In Jabiru, Morrison would have to detail the Coalition's electoral engagement to help rejuvenate the region, which included $ 70 million to upgrade the roads to Kakadu tourism sites, $ 40 million to upgrade the camping infrastructure and up to $ 60 million to "support the development of an indigenous Kakadu visitor center in Jabiru".
It is hoped that a firm commitment on the part of the PM would pave the way towards the awakening of the city. (ABC News: Mark Moore)
"We want to ensure that Kakadu and Jabiru and all the families and jobs they support are set for the future," said Morrison.
The group of Mr. Shorten said he planned to spend $ 100 million on Kakadu's main access roads, $ 44 million on the park's infrastructure and $ 45 million on the asbestos remediation work in Jabiru as part of their package for the remote region.

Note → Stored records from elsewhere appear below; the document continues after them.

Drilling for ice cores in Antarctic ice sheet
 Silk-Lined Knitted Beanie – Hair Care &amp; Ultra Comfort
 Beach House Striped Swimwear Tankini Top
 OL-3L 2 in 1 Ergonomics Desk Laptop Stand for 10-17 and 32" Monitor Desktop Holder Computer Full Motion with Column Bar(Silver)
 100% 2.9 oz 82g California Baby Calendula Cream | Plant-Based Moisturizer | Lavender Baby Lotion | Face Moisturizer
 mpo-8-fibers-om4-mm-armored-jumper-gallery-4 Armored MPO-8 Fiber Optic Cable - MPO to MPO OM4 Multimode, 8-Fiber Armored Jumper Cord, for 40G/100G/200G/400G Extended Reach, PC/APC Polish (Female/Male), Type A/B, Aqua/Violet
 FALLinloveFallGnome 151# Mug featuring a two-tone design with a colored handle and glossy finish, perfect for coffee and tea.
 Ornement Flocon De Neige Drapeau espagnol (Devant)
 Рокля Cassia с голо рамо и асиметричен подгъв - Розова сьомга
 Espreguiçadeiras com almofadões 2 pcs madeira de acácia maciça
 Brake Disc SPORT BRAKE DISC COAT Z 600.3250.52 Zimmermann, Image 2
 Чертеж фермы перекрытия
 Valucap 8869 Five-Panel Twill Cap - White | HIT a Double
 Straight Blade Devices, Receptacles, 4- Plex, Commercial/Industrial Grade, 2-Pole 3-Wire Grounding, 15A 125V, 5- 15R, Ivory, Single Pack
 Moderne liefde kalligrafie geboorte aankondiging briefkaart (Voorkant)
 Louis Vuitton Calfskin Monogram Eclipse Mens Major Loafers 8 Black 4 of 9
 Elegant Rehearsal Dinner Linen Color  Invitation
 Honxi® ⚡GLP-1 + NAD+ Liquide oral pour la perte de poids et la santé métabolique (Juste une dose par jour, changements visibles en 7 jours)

"Because the updates that the national park desperately needs have been ignored for too long, fewer tourists visit and Kakadu has returned," Mr Shorten said.
"We want Kakadu to be at the top of the list for Australian and international visitors and work will help make that happen."  Jabiru's future looks bright
$ 446 million plan to help the transition of the old mining town into a tourist center was revealed in mid-2018, but was largely subordinated to federal government funding.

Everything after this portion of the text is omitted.